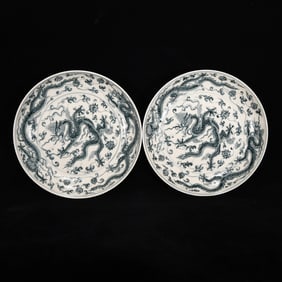 A Pair of Exquisite Blue and White Auspicious Cloud and Dragon Pattern Plates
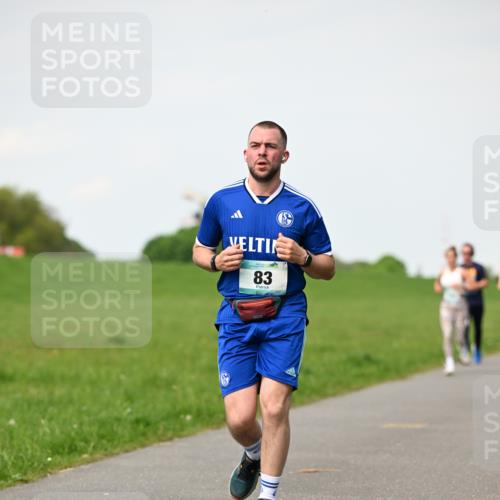 10.05.2026 - 8. Wedeler Halbmarathon Dr. Thomas Lammeyer http://msf.ph/oto/9695965 10.05.2026 11:22:40 Laufen  meine-sportfotos.de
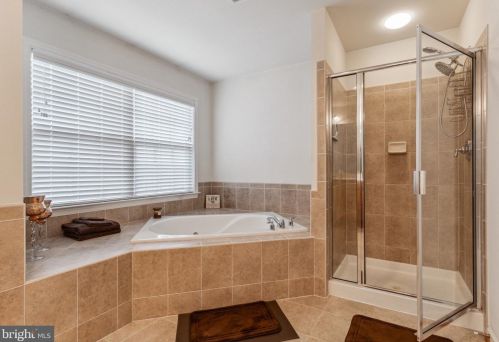 10114 Lees Crossing Ln, Fredericksburg VA  22408-0292 exterior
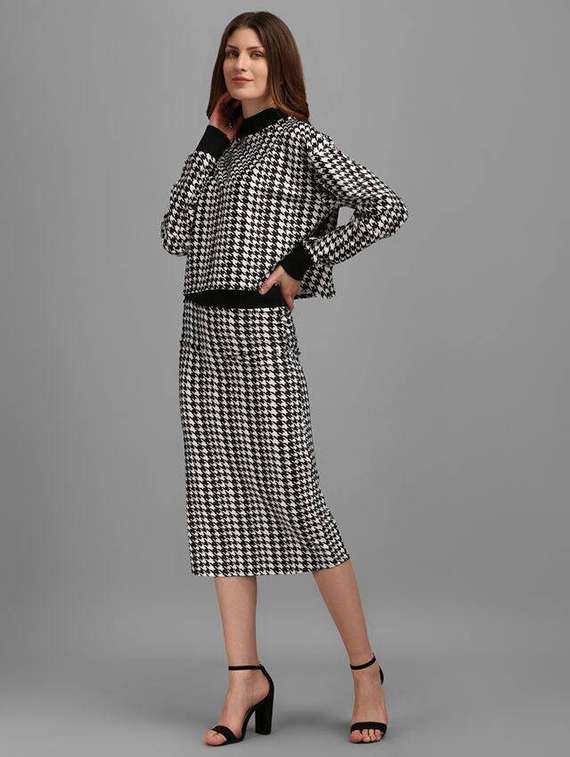women printed long sleeves top and skirt co-ord set - 22558293 -  Standard Image - 5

■ ■ ■

Output everything in the material exactly. Pictures stay out of it.

Response box ::
 A Pair of Exquisite Blue and White Auspicious Cloud and Dragon Pattern Plates
 10.05.2026 - 8. Wedeler Halbmarathon Dr. Thomas Lammeyer http://msf.ph/oto/9695965 10.05.2026 11:22:40 Laufen  meine-sportfotos.de
 10114 Lees Crossing Ln, Fredericksburg VA  22408-0292 exterior
women printed long sleeves top and skirt co-ord set - 22558293 -  Standard Image - 5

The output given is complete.